Over het algemeen kan het chirale centrum van een molecuul niet slechts één zijnatoom. Er is bijvoorbeeld zo'n interessante verbinding - adamantaan. Het ziet eruit als een tetraëder, waarbij elke rand extra naar buiten is gebogen, en in elke hoek bevindt zich een koolstofatoom. De tetraëder is symmetrisch rond het midden, en dat geldt ook voor het adamantaanmolecuul. En als vier verschillende substituenten worden toegevoegd aan vier identieke "knooppunten" van adamantaan, dan krijgt het ook puntsymmetrie. Immers, als je het roteert ten opzichte van zijn interne "zwaartepunt", zal de afbeelding pas na 360 ° samenvallen met de eerste. Hier, in plaats van een asymmetrisch atoom, wordt de rol van het chirale centrum gespeeld door het "lege" centrum van adamantaan.

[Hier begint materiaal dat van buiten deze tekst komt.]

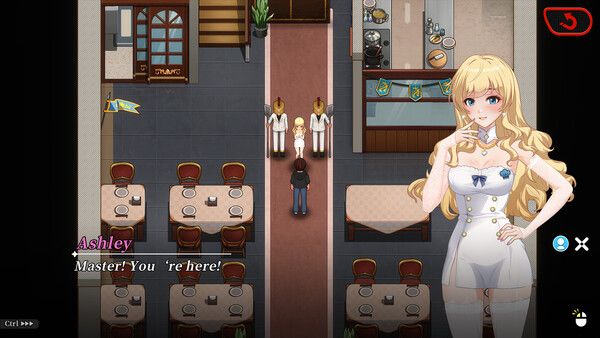 Happy Island Fantasy Screenshot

Adamantane en zijn chirale centrum
Adamantane en zijn chirale centrum

Stereo-isomeren in bio-organische verbindingen

Chiraliteit is een uiterst belangrijke eigenschap voor biologisch actieve verbindingen. Alleen isomeren met een bepaalde structuur nemen deel aan de processen van vitale activiteit. En bijna alle stoffen die belangrijk zijn voor het lichaam zijn zo gerangschikt dat ze ten minste één chiraal centrum hebben. Het bekendste voorbeeld is suiker. Dat is glucose. Er zijn zes koolstofatomen in zijn keten. Hiervan hebben vier atomen vier verschillende substituenten naast zich. Dit betekent dat er 16 mogelijke optische isomeren voor glucose zijn. Ze zijn allemaal verdeeld in twee grote groepen volgens de configuratie van het asymmetrische koolstofatoom dat zich het dichtst bij de alcoholgroep bevindt: D-sachariden en L-sachariden. Alleen D-sachariden zijn betrokken bij metabolische processen in een levend organisme.

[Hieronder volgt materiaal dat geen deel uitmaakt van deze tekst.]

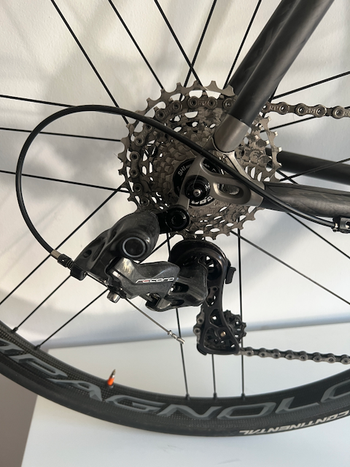 Used Festka One RIM Frameset 2024 2024 Road & Gravel — image 6 of 7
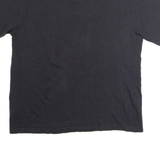 2PAC Mens Band T-Shirt Black S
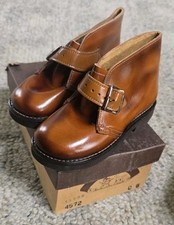 MIB Vintage KESCO Brown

Stereo-isomeren van glucose
Stereo-isomeren van glucose

Een vrij algemeen voorbeeld van stereo-isomerie in de bio-organische chemie zijn aminozuren. Geheel natuurlijkaminozuren hebben aminogroepen in de buurt van het koolstofatoom dat zich het dichtst bij de carboxylgroep bevindt. Dus in elk aminozuur zal dit atoom asymmetrisch zijn (verschillende substituenten - carboxylgroep, aminogroep, waterstof en de rest van de keten; de uitzondering is glycine met twee waterstofatomen).

Aminozuren L- en D-serie
Aminozuren L- en D-serie

Dienovereenkomstig worden volgens de configuratie van dit atoom alle aminozuren ook verdeeld in D-serie en L-serie, alleen in natuurlijke processen, in tegenstelling tot suikers, overheerst de L-serie.